Problem:
Would you return, word for word, the lines running from the one with "476-478 Lapidary Lane, Young" to the final line of the listing below, pictures omitted?

Materials provided:
◇ ◇ ◇ ◇ ◇ ◇ ◇
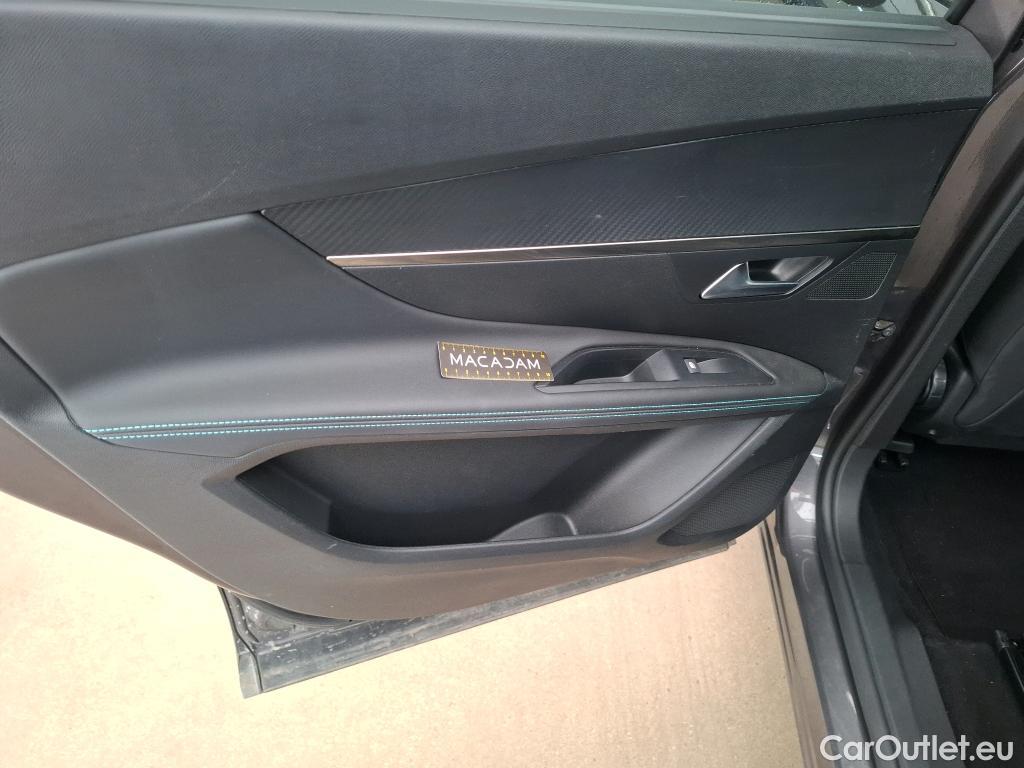  Peugeot  5008  Allure 1.5 HDi 130CV BVA8 7 Sieges E6d #18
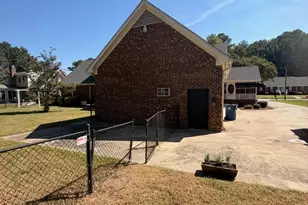 904 Merry St, Dunn, NC 28334 - Photo 13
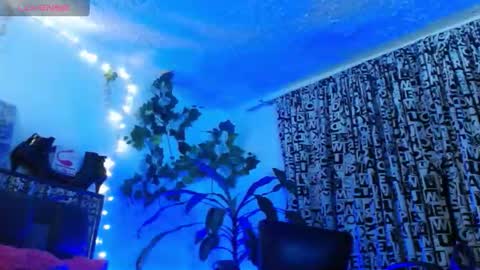 zoemi online show from 11, 1, 2025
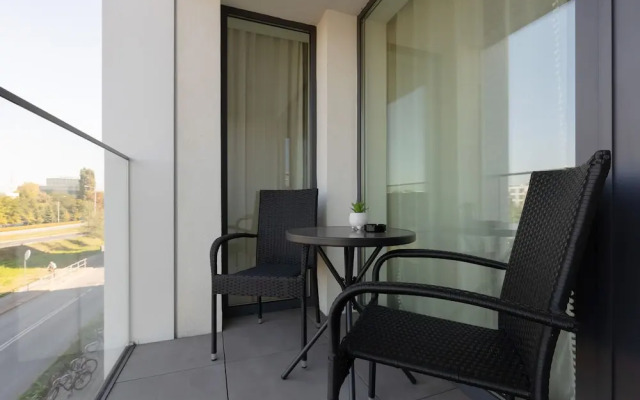 Zabłocie Apartments Cracow by Renters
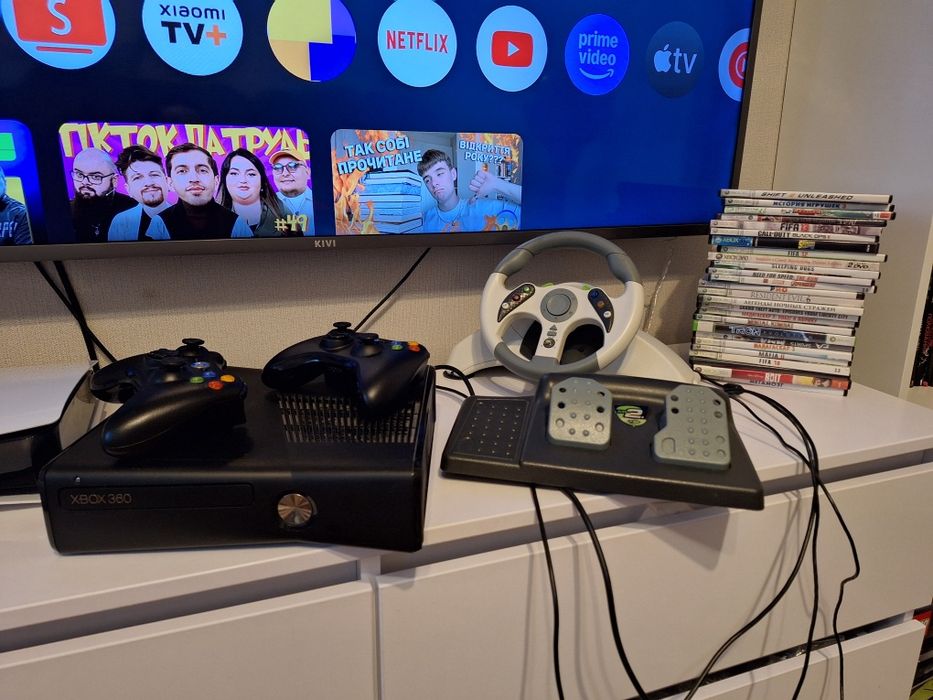 Xbox 360, 2 джостика, кермо +ігри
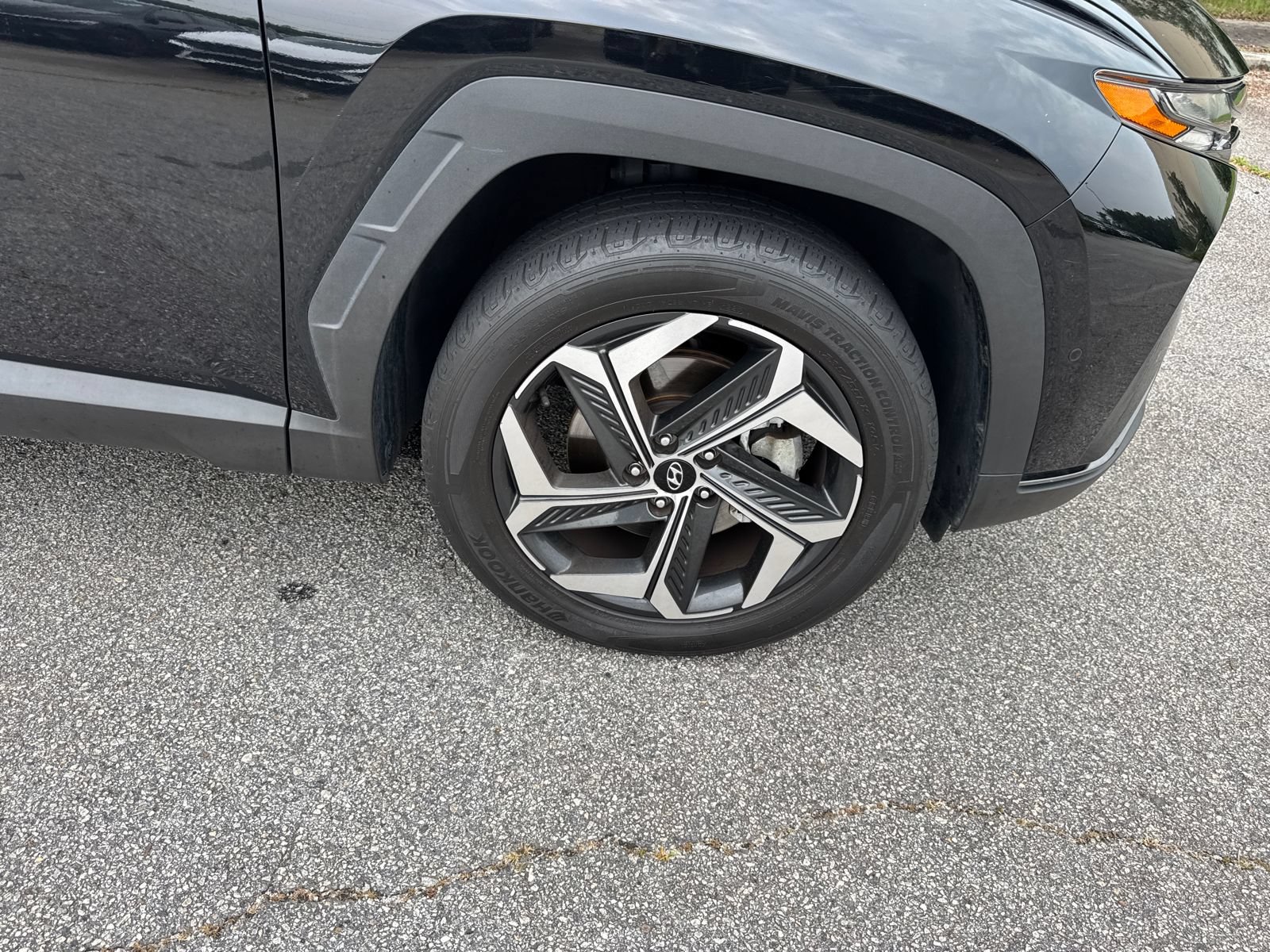Used 2022 Hyundai Tucson Limited AWD/4WD image 12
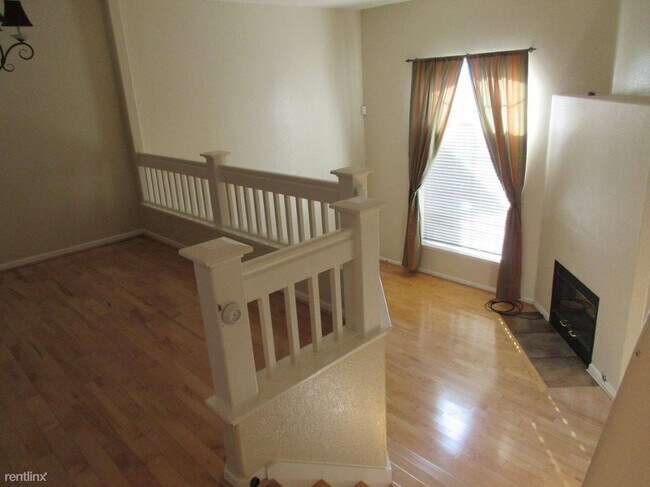 Building Photo - 954 Costen Ct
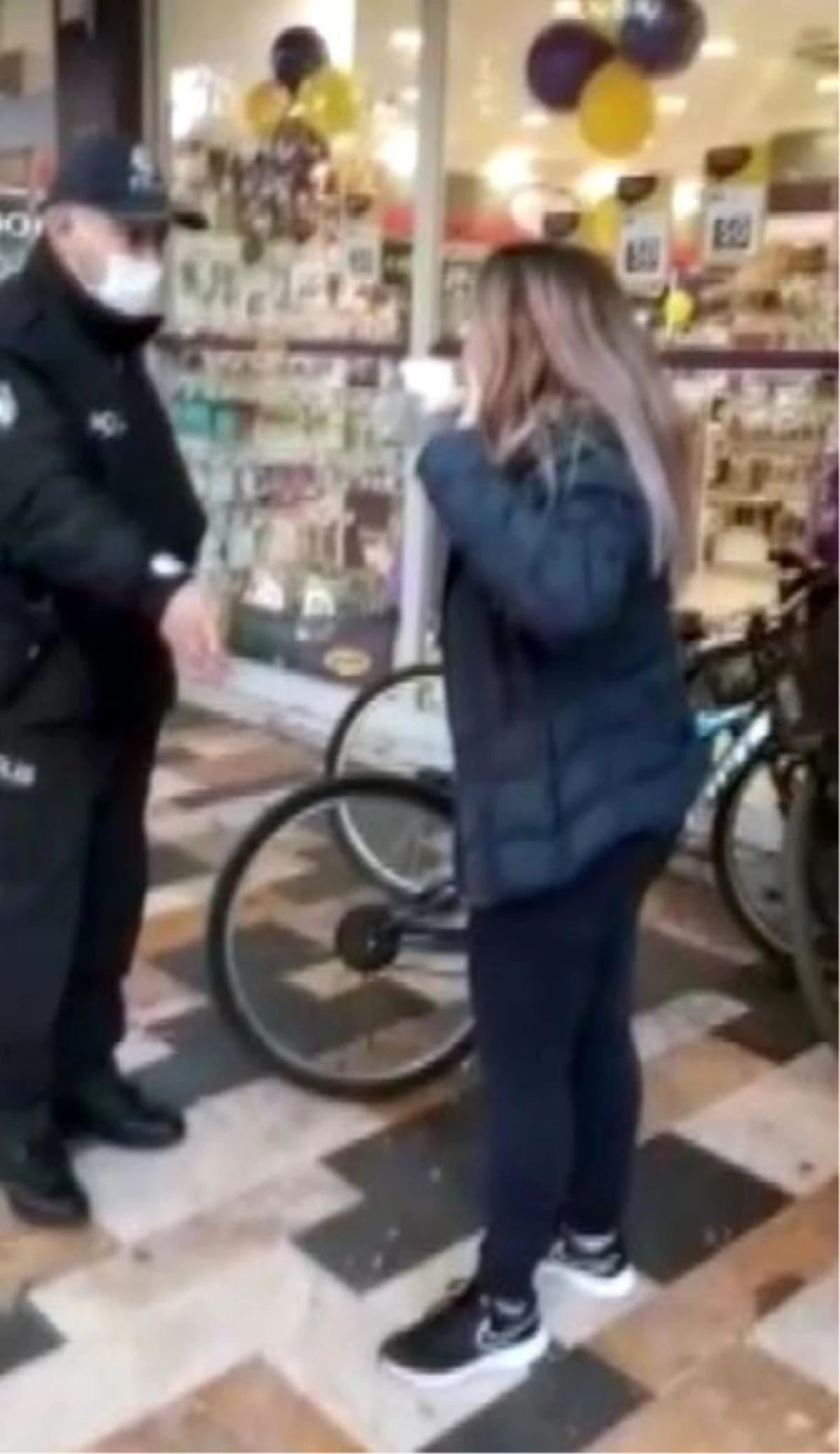 Son dakika haberleri: Maskesiz gezen kadından polise: "Artistliğiniz kime"
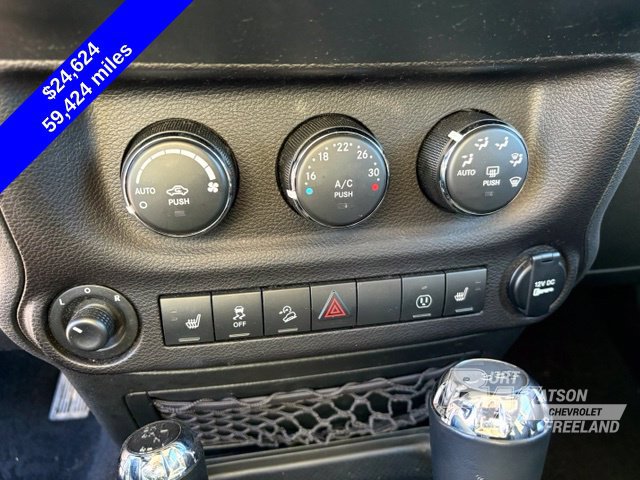 Used 2018 Jeep Wrangler Unlimited Rubicon w/ Cold Weather Group AWD/4WD image 25
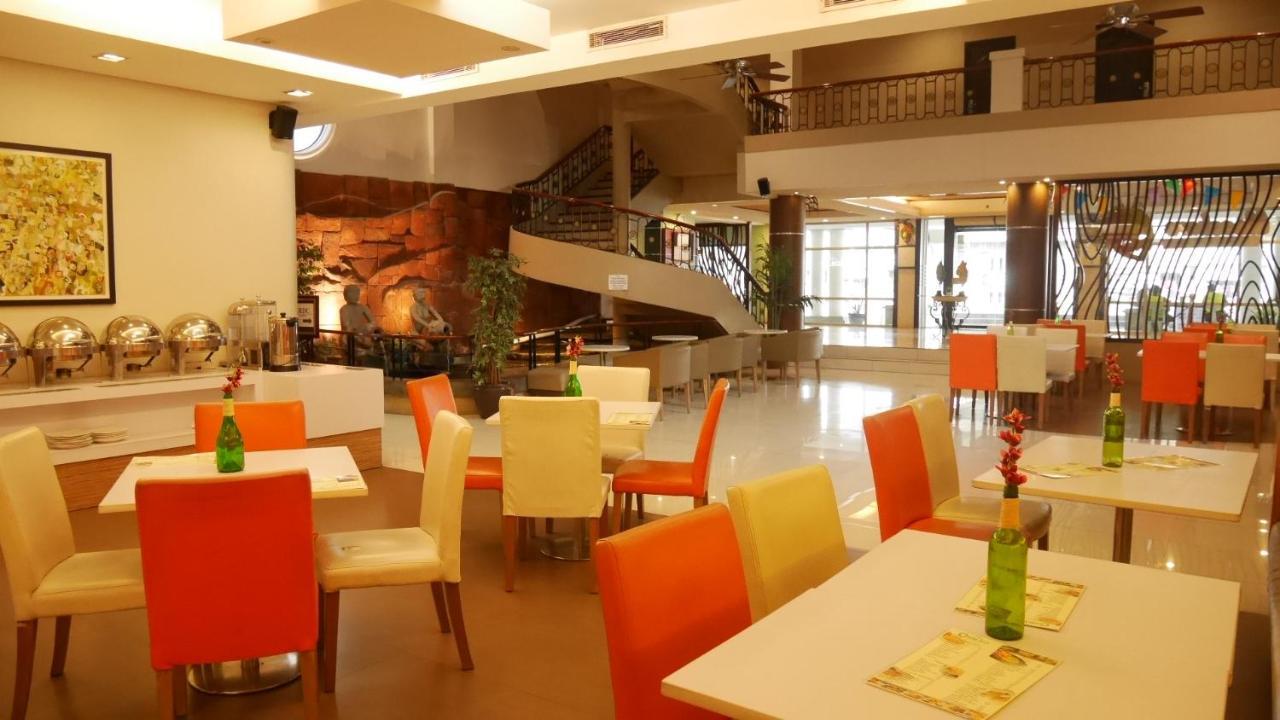 Circle Inn Hotel And Suites Bacolod Exterior foto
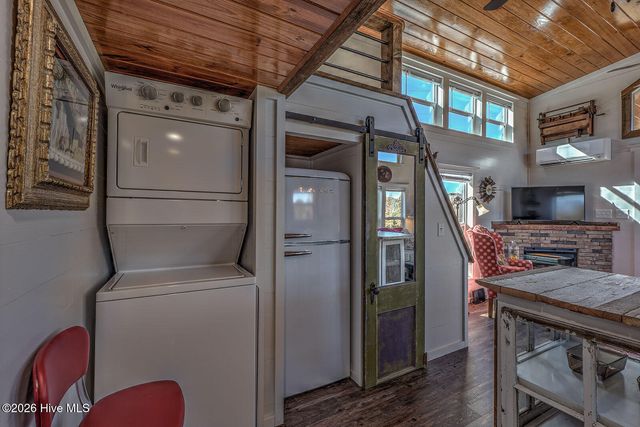 476-478 Lapidary Lane, Young Harris, GA 30582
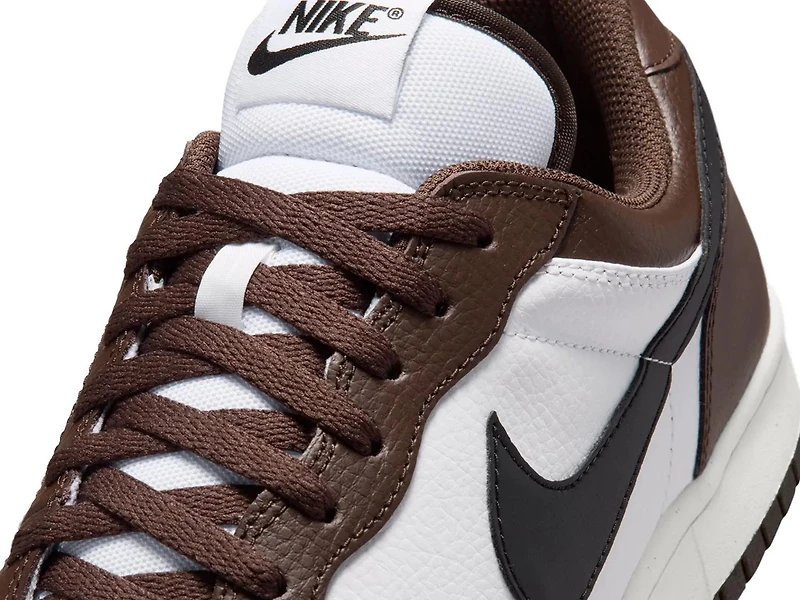 Big Nike Low Sneaker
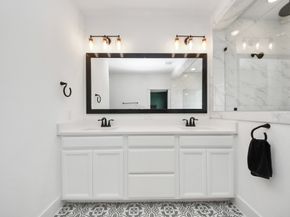 949 Lilly Flower Lane, Houston TX 77091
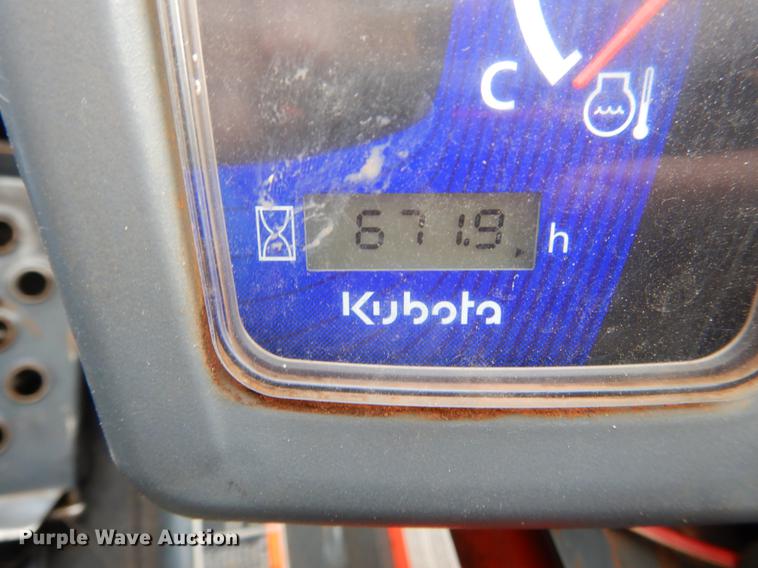 image for item DF2067 2017 Kubota SSV75 skid steer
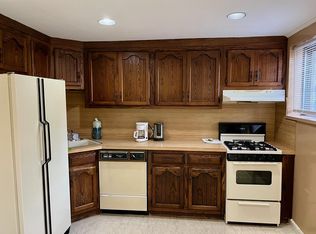 6257 65th St FLOOR 1, Middle Village, NY 11379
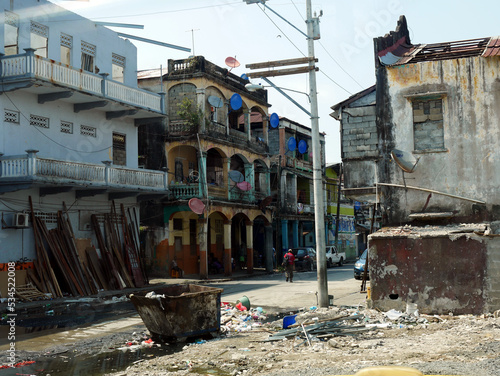 slum in colon in panama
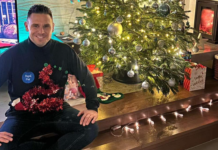 A karácsonyi csúnyapulcsi-verseny győztese: Kammerer Zoltán polgármester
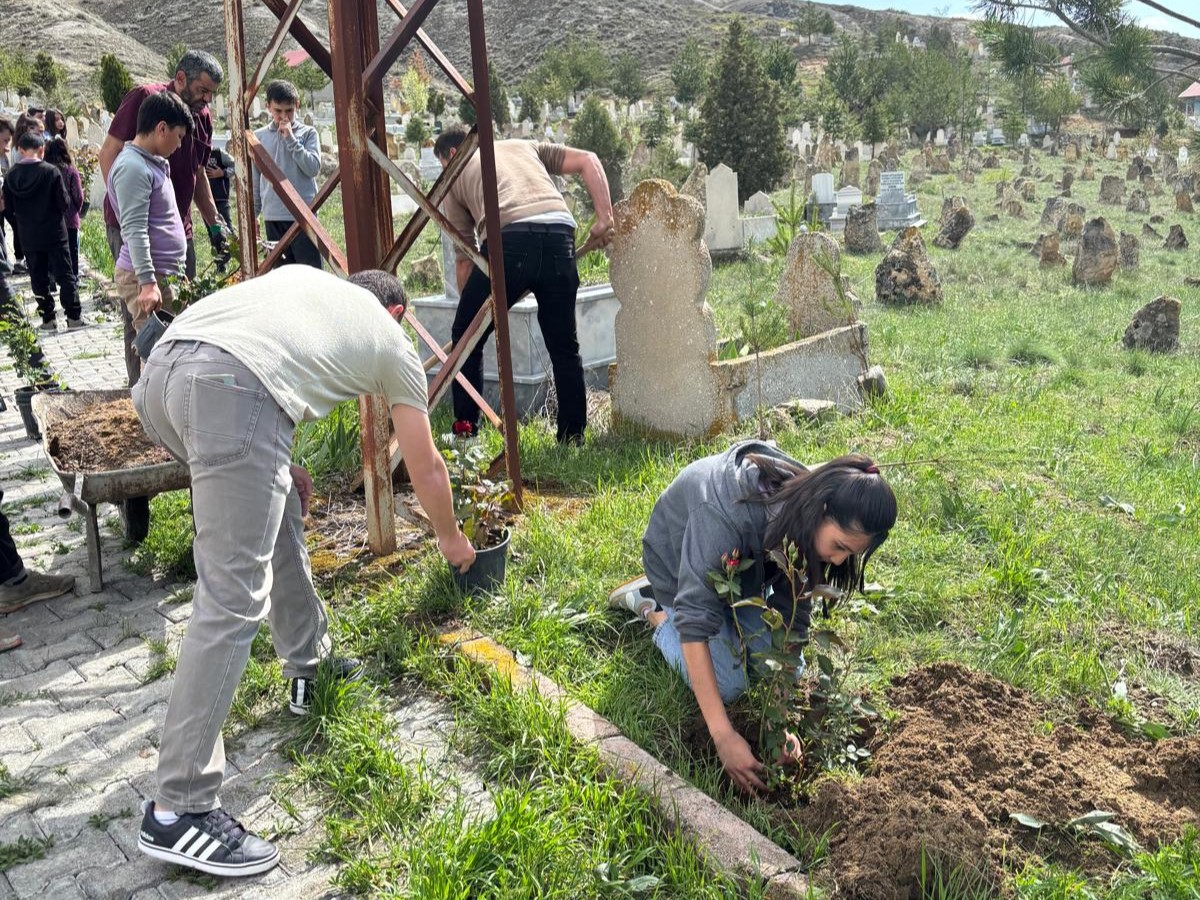 Sivas'ta öğrenciler mezarlığı güzelleştirdi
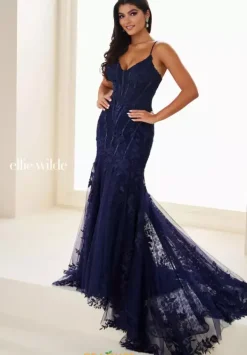 EW37216^Ellie Wilde Hot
◇ ◇ ◇ ◇ ◇ ◇ ◇
Result of the exercise:
 476-478 Lapidary Lane, Young Harris, GA 30582
 Big Nike Low Sneaker
 949 Lilly Flower Lane, Houston TX 77091
 image for item DF2067 2017 Kubota SSV75 skid steer
 6257 65th St FLOOR 1, Middle Village, NY 11379
 slum in colon in panama
 A karácsonyi csúnyapulcsi-verseny győztese: Kammerer Zoltán polgármester
 Sivas'ta öğrenciler mezarlığı güzelleştirdi
 EW37216^Ellie Wilde Hot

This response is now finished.